Painting by Rembrandt

Raising of the Cross (German: Kreuzaufrichtung) is a 1633 painting by the Dutch Golden Age painter Rembrandt in the collection of the Alte Pinakothek. It was painted as part of a "passion" series commissioned in 1633 by Frederick Henry, Prince of Orange. Together with its pendant, The Descent from the Cross, it is one of the rare paintings by Rembrandt with a continuous provenance from the date of completion to today.

== Catalogued as Rembrandt ==
This painting was documented by Hofstede de Groot in 1915, who wrote:

130. The Elevation of the Cross. Sm. 91. Bode, 106; Dut. 81; Wb. 101; B.-HdG. 124. — In the centre foreground, the Cross, to which Christ is fastened, is raised from the right by four executioners. The man on the left of the group wears a cuirass and helmet. The man in the centre, wearing a light blue coat, has the features and the familiar blue cap of the painter. Two other men, in shadow to the right, support the Cross from the back. Behind this group is the Roman centurion on a grey horse; he wears a rich Eastern dress, consisting of a light turban, a coat of gold brocade with a sash, and a deep purple cloak. He leans his right hand, grasping a mace, on his hip.

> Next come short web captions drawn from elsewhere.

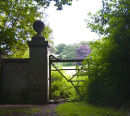 Country View II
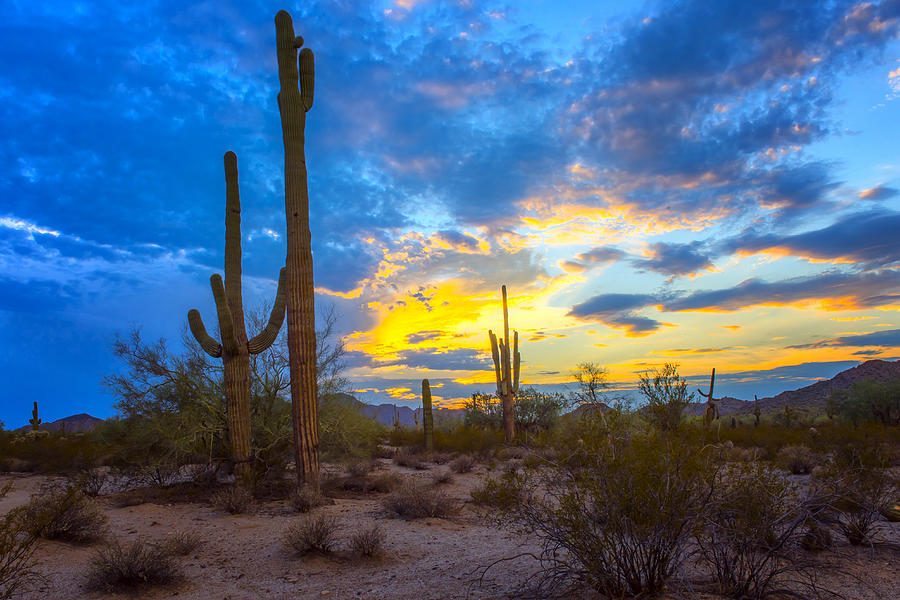 Sunset Photograph - Desert Sky At Sunset - Arizona by Jon Berghoff
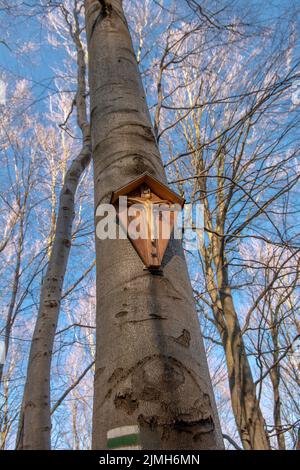 Small wooden crucified jesus on the beech tree in the forest. Wooden cross with jesus. Stock Photo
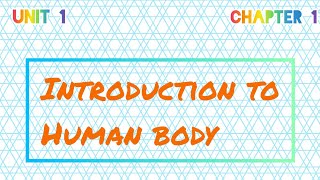 Unit 1  Chp 1 Introduction to Human Body pharmacy pharmacist bpharm1stsemester [upl. by Ahsinal]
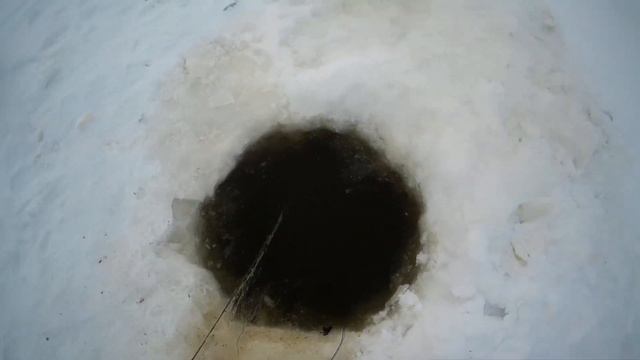 #проверка сети смотреть онлайн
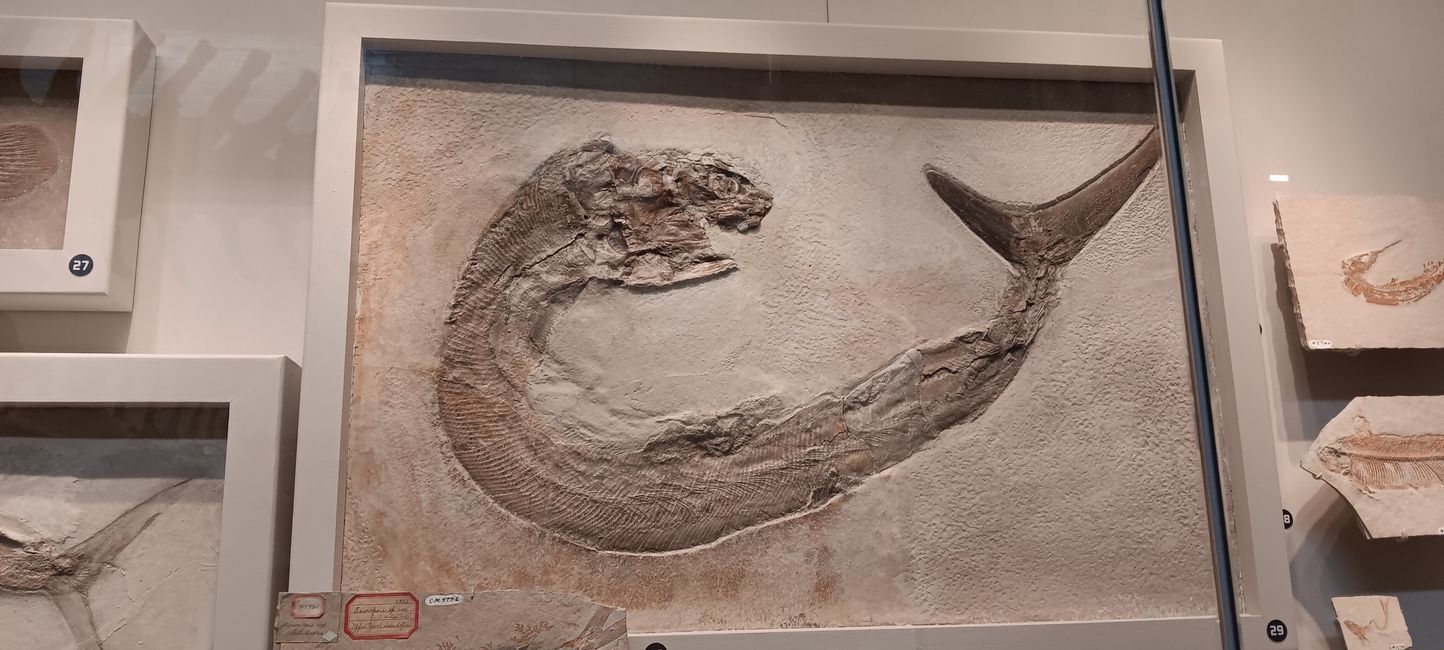 Museum of Natural History I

To the left, in half shadow, is a group of four Pharisees. To the right, farther back, soldiers bring forward the two thieves. A night scene. Full light falls from the left on the body of Christ, who casts His eyes upward as if in pain. Small full-length figures. Produced at the same time as its pendant, "The Descent from the Cross" (134), which was painted in 1633.
Canvas, rounded at top, 38 inches by 28 1/2 inches.

Engraved by Hess.

A copy was in the sale : — J. Durlacher, Frankfort-on-Main, December 11, 1906, No. 118.

A chalk drawing for the picture is in the Albertina, Vienna, HdG. 1423.
Mentioned by Vosmaer, pp. 119, 497; by Bode, p. 434; by Dutuit, p. 30; by Michel, pp. 157, 554 [120, 438]; by Hofstede de Groot, Urkunden uber Rembrandt, No. 48.

In the collection of Frederick Henry, Prince of Orange, for whom Rembrandt painted it in 1633.

In the collection of the Prince's widow, Amalia von Solms, at the Oude Hof, The Hague, 1667 inventory, No. 69; but not in the inventories of the goods divided among her four daughters.

Probably, therefore, in the collection of her grandson William III., Prince of Orange and King of England, till 1702.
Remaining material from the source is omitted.